How to modify Lomuto partition scheme?

Question

Lomuto partition is a simple partition algorithm used in quicksort. The Lomuto algorithm partitions subarray A[left] ... A[right] and assumes A[left] to be a pivot. How to modify this algorithm to partition A[left] ... A[right] using a given pivot P (which differs from A[left]) ?

Answer 1

Lomuto's partioning algorithm depends on the pivot being the leftmost element of the subarray being partitioned. It can also be modified to use the rightmost element of the pivot instead; for instance, see Chapter 7 of CLRS.

Using an arbitrary value for the pivot (say something not in the subarray) would screw things up in a quicksort implementation because there would be no guarantee that your partition made the problem any smaller. Say you had zero as the value you pivoted on but all N array entries were positive. Then your partition would give at zero-length array of elements <= 0 and an array of length N containing the elements >= 0 (which is all of them). You'd get an infinite loop trying to do quicksort in that case. Same if you were trying to find the median of the array using that modified form of Lomuto's partition. The partition depends critically on choosing an element from the array to pivot on. You'd basically lose the postcondition that an element (the pivot) would be fixed in place for good after the partition, which Lomuto's partition guarantees.

Lomuto's algorithm also depends critically on pivoting on an element that is either in the first or last position of the array being partitioned. If you pivot on an element not located at either the very front or very end of the array, the loop invariant that is the core of why Lomuto's partition works would would be a nightmare.

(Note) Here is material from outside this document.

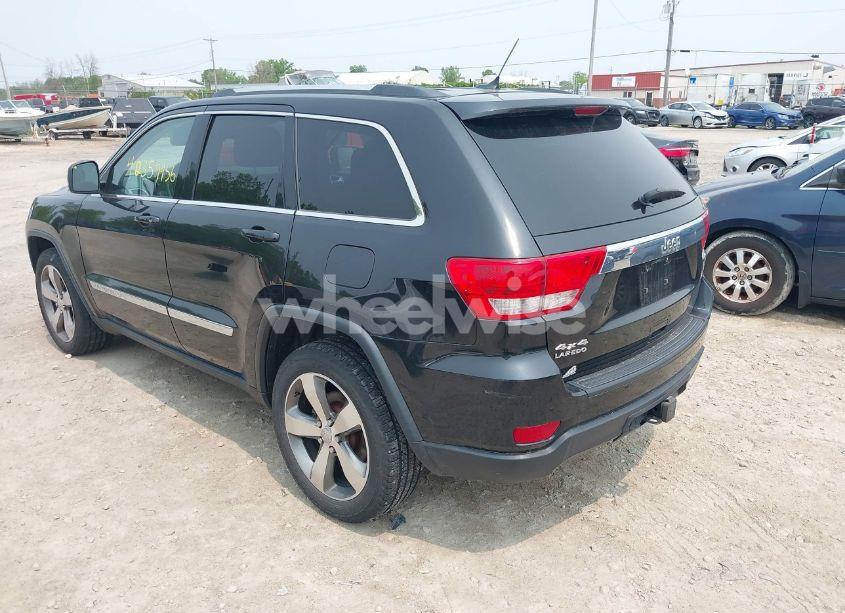 Photo 3 of 2013 Jeep Grand CHEROKEE LAREDO (VIN 1C4RJFAG9DC630607)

You can pivot on a different element of the array by swapping it with the first (or last if you implement it that way) element as the first step. Check MIT's video lecture on Quicksort for course 6.046J where they go in depth discussing Lomuto's partitioning algorithm (though they just call it Partition) and a vanilla implementation of quicksort based on it, not to mention some great probability in discussing the expected runtime of a randomized form of quicksort:

http://www.youtube.com/watch?v=vK_q-C-kXhs

CLRS and Programming Pearls both have great sections on quicksort if perhaps you're stuck using an inferior book for an algorithms class or something.

Answer 2

depends on how you define P, is P an index or a particular element? if it is an index, then it is easy. you modify your two passes

...
i = left
j = right
while (a[i]<a[p]) i++
while (a[p]>a[j]) j--
if (i <= j)
    swap(a, i, j)
    qsort(a, left,i)
    qsort(a, j,right)
...

if P is not an index, but a particular value, then you would need to search for it first, and only then do the above with the resultant index. Because the array is not sorted yet, you can only search linearly. You could also come up with a more clever scheme (hashtable) for finding your pivot P, but I don't see why you would need to do such a thing.